# A couple of packages showed up today



## Sowsage (Jul 10, 2020)

This stuff is been all over social media so I figured I'd give it a shot. Wannarub. Honestly I baught it because the commercial is hilarious. And because it's a American company started by a veteran. The other rub I baught is the hard core carnivore. I've seen used here alot. I know 

 TNJAKE
. Has good things to say about it so I ordered a couple bottles to try out. 
I see some good grub in my future!


----------



## TNJAKE (Jul 10, 2020)

Hmmm.
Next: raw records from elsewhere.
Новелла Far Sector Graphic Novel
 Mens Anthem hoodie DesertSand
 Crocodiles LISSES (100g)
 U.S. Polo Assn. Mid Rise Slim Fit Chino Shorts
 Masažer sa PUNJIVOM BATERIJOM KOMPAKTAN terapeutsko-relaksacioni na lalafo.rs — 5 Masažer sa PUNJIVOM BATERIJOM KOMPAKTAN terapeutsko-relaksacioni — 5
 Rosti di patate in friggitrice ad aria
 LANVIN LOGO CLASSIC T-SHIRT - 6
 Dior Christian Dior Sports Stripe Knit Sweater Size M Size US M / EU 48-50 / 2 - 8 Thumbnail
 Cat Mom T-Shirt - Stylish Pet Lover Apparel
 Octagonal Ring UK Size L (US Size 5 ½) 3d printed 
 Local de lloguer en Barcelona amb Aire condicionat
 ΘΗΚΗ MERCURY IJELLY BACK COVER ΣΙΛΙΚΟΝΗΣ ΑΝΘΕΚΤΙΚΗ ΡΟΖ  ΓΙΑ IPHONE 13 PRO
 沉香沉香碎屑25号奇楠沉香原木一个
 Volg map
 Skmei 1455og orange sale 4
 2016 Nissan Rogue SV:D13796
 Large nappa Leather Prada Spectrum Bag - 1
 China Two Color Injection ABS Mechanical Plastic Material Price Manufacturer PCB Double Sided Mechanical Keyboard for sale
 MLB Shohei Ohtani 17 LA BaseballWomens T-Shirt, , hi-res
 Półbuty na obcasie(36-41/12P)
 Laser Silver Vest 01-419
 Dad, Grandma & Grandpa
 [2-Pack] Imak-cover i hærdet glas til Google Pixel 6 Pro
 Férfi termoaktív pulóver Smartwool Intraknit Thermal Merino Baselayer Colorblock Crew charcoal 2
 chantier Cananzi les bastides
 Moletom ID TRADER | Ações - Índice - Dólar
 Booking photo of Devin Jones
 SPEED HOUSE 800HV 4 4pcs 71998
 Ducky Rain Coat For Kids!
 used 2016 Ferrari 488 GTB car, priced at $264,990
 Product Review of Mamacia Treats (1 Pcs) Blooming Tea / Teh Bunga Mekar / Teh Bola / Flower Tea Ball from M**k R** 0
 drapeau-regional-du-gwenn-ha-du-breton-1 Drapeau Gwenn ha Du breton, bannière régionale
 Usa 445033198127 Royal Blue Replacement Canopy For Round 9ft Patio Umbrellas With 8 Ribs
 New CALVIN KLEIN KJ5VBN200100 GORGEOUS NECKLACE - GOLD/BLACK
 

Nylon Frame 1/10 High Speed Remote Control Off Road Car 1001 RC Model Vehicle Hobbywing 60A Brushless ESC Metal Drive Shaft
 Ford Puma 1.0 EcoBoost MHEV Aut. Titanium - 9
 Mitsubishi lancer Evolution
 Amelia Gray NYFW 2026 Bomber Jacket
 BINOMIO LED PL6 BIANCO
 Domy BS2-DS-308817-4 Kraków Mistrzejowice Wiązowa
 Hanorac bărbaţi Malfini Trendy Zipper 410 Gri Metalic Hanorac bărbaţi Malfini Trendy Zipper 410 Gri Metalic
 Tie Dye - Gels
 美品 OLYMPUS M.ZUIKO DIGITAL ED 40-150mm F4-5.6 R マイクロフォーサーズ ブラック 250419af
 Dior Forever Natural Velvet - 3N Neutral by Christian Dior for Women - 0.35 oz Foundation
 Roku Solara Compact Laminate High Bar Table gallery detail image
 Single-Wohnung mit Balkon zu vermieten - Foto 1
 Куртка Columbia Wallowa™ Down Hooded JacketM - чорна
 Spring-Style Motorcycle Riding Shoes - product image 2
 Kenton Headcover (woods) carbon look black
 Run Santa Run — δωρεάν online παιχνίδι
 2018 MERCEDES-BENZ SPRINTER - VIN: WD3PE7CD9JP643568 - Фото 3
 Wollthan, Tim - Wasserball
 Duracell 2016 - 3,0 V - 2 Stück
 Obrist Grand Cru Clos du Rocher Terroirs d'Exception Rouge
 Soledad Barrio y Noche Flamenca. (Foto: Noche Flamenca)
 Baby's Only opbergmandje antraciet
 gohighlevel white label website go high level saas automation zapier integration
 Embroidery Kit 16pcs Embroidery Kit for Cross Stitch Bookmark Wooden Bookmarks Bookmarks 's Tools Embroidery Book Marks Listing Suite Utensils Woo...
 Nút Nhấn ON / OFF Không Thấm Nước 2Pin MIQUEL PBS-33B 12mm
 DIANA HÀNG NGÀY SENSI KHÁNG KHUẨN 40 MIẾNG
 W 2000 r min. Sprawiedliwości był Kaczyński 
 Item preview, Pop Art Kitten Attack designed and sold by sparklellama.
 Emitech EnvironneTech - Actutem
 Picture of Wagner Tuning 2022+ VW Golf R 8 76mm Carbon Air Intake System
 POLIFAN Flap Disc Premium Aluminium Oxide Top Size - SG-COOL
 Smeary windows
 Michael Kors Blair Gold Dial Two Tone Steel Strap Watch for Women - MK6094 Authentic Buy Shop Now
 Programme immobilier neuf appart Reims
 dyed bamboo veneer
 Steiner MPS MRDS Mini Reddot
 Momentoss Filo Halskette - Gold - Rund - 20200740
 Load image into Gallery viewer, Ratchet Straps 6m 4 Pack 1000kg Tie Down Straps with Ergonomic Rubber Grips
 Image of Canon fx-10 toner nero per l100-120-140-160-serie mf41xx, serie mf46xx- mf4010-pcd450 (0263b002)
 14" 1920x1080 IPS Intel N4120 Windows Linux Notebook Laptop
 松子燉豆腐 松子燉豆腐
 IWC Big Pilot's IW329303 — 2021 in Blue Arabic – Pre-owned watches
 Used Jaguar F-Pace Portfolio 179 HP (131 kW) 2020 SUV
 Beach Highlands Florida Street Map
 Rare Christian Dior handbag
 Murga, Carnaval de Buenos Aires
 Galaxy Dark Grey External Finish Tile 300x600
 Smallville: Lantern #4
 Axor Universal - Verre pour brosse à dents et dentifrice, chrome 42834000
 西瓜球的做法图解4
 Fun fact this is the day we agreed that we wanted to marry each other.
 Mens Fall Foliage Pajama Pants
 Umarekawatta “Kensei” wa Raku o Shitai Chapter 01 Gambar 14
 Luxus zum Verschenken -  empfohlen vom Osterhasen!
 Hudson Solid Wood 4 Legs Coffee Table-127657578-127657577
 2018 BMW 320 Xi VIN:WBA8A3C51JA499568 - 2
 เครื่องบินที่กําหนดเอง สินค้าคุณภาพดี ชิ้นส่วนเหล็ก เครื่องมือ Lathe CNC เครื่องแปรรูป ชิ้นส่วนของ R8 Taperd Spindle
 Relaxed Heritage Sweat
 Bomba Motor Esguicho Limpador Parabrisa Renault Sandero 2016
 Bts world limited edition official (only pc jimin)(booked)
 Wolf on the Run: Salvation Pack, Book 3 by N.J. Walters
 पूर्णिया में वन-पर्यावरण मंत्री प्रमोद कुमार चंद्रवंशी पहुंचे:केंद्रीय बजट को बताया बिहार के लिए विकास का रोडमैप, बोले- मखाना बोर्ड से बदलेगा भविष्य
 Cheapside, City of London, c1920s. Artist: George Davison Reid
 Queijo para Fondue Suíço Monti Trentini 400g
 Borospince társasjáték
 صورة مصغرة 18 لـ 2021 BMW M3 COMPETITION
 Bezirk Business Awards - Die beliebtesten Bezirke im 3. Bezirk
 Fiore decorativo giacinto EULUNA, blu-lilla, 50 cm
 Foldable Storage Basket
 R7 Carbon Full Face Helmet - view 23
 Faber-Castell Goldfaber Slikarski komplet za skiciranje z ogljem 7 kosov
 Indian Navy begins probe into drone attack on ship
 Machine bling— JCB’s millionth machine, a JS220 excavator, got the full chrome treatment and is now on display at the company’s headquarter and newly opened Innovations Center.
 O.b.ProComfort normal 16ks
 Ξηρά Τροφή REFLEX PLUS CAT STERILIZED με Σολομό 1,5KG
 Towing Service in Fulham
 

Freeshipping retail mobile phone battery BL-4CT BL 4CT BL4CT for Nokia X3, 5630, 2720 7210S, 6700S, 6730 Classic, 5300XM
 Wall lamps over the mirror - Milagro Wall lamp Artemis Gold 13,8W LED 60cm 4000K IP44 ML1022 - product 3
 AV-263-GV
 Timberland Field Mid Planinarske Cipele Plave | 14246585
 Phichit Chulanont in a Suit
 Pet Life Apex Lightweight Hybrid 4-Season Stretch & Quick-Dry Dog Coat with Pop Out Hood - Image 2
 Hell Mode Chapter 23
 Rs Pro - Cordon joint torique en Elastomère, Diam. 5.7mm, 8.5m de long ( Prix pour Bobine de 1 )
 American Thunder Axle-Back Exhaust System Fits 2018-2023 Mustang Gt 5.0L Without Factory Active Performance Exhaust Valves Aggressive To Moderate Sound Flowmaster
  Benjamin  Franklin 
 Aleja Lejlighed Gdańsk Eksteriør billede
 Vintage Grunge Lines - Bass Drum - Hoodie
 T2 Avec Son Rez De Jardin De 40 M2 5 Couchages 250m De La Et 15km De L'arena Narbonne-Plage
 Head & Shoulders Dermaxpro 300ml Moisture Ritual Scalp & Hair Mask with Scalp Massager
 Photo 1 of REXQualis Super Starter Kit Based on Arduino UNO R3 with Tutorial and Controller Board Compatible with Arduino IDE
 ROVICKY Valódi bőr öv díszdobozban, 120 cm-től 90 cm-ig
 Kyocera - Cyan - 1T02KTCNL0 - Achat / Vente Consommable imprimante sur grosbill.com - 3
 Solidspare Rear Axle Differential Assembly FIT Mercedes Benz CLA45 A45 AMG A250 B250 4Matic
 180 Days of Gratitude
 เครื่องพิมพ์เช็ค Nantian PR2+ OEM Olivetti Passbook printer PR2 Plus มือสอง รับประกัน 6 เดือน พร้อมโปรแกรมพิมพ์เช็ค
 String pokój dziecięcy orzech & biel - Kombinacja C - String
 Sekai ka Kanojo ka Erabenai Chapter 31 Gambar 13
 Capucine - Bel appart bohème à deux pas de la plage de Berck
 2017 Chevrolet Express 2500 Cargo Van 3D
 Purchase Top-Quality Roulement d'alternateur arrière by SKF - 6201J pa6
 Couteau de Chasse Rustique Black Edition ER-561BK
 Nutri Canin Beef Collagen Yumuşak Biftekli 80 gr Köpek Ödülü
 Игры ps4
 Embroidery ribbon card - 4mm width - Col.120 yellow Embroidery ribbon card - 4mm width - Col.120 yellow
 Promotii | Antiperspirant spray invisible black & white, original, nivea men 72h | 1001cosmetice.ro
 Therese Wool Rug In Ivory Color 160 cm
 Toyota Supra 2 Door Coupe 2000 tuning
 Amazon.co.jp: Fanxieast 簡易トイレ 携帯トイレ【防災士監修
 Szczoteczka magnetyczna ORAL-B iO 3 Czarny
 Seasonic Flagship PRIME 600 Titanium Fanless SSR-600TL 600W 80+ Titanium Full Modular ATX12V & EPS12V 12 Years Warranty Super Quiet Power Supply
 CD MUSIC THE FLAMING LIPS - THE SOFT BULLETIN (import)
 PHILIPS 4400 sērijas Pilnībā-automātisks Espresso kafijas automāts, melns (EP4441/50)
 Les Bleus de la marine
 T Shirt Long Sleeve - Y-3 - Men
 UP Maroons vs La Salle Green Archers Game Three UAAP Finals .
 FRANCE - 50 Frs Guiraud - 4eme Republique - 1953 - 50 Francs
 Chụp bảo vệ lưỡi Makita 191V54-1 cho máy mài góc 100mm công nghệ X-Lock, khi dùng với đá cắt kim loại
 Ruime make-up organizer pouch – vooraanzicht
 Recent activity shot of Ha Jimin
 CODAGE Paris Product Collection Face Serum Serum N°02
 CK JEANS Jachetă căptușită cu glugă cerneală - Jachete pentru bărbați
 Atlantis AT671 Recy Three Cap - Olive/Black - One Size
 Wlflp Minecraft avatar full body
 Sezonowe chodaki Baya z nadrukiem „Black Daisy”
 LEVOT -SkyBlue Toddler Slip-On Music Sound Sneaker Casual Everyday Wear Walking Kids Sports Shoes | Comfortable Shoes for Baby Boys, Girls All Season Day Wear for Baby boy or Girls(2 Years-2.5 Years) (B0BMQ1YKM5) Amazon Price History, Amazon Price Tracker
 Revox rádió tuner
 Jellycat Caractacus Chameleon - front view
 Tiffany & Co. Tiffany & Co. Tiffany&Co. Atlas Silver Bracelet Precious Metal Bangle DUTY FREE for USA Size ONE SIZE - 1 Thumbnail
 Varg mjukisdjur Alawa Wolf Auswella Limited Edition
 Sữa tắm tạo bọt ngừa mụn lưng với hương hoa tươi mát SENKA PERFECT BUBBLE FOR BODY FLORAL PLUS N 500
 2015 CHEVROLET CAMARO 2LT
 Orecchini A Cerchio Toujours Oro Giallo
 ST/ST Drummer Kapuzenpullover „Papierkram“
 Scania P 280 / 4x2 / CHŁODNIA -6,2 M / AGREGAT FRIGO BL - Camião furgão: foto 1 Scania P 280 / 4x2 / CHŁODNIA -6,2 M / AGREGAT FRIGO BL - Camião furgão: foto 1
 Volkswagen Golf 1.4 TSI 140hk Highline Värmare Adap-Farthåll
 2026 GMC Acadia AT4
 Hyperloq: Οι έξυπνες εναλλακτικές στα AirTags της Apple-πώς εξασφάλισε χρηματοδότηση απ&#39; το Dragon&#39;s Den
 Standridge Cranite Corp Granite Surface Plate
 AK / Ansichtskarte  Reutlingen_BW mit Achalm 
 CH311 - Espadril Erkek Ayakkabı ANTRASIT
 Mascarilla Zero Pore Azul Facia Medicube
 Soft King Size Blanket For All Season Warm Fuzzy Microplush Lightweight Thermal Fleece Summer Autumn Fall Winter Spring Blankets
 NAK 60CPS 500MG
Never heard of the wannabe rub. Don't have any social media. Gonna check it out though. Check out code 3 spices.....also veteran owned and great stuff. As far as the black goes.....did you smell it? Lol. Delicious. Gunpowder steaks in your future


----------



## Sowsage (Jul 10, 2020)

TNJAKE said:


> Hmmm. Never heard of the wannabe rub. Don't have any social media. Gonna check it out though. Check out code 3 spices.....also veteran owned and great stuff. As far as the black goes.....did you smell it? Lol. Delicious. Gunpowder steaks in your future


Jake I'll see if I can upload the video. And I'll check out the code 3 stuff for sure!


----------



## Sowsage (Jul 10, 2020)

Here it is....


----------



## TNJAKE (Jul 10, 2020)

Lmao how could you not buy that. And I need a flamethrower.


----------



## Sowsage (Jul 10, 2020)

TNJAKE said:


> Lmao how could you not buy that. And I need a flamethrower.


I need one too! Lol!


----------



## smokin peachey (Jul 10, 2020)

TNJAKE said:


> Lmao how could you not buy that. And I need a flamethrower.


Lol


----------



## desertlites (Jul 10, 2020)

Love it.


----------



## SmokingUPnorth (Jul 10, 2020)

I have the hardcore in my amazon cart about to order it now. Seen good things about it


----------



## TNJAKE (Jul 10, 2020)

SmokingUPnorth said:


> I have the hardcore in my amazon cart about to order it now. Seen good things about it


I have several threads using it. You won't be disappointed


----------



## SmokingUPnorth (Jul 11, 2020)

TNJAKE said:


> I have several threads using it. You won't be disappointed


 
I think it was your post that got me to lol it up. You did up some good looking steaks


----------



## TNJAKE (Jul 11, 2020)

Thanks Brian


----------



## TNJAKE (Jul 19, 2020)

Last night


----------



## Sowsage (Jul 19, 2020)

TNJAKE said:


> View attachment 454639
> View attachment 454640
> 
> Last night


Looks real good jake,. I got a butt on about an hour ago with the wannarub. I'll update how it comes out.


----------



## TNJAKE (Jul 19, 2020)

Nice let me know how it tastes. I have a butt smoking also


----------



## Sowsage (Jul 19, 2020)

4 hour mark. Color looks good with this rub. I'll be wrapping this one though due to not getting it in until 9am.


----------



## TNJAKE (Jul 19, 2020)

Looking good


----------



## Danabw (Jul 19, 2020)

What I got out of that ad is that I really want my own lemur.  ;-)


----------



## BC Buck (Aug 7, 2020)

Sold me with the girls.


----------



## Smokin' in AZ (Aug 7, 2020)

Nice lookin' cooks guys!

LIKE!

John


----------



## SmokingUPnorth (Aug 13, 2020)

I recently picked up a bottle of hardcore after reading tnjakes threads and seeing pictures. And other than for my wife’s steak it will be no more Montreal for me. This hardcore is all I’ll be using. From now on. Jake have you tried it in anything else?


----------



## TNJAKE (Aug 13, 2020)

SmokingUPnorth said:


> I recently picked up a bottle of hardcore after reading tnjakes threads and seeing pictures. And other than for my wife’s steak it will be no more Montreal for me. This hardcore is all I’ll be using. From now on. Jake have you tried it in anything else?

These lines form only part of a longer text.